Mexican president-elect Enrique Peña Nieto is in Washington today to meet with President Obama, reports CNN. In an op-ed printed by the Washington Post last week, Peña Nieto lays out his agenda for the meeting with Obama, noting that “It is a mistake to limit our bilateral relationship to drugs and security concerns. Our mutual interests are too vast and complex to be restricted in this short-sighted way.” As CNN notes, Peña Nieto will focus on economic issues as well as security in his visit. Meanwhile, writing in Huffington Post, John Ackerman a professor at UNAM-Mexico City writes that Obama is losing credibility by cozying up to Peña Nieto.
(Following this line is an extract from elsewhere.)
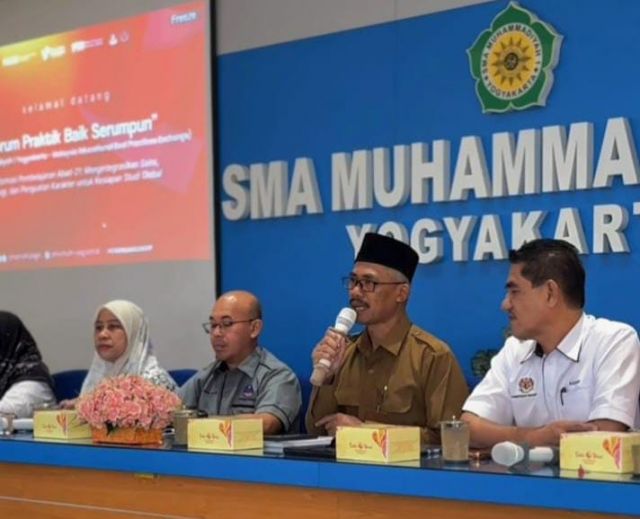 Forum Praktik Baik Serumpun, SMA Muhi Perkuat Kolaborasi Pendidikan Indonesia-Malaysia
Ackerman notes that the recent election in Mexico was “a far cry from normal democratic politics” and warns that Peña Nieto represents a return to the old guard, which “represents the worst of Mexico's authoritarian past.” Ackerman concludes that by cozying up to Mexico’s new president “Obama sends a clear message that his Latin America policy will be equally as shortsighted in his second term as it was during his first.”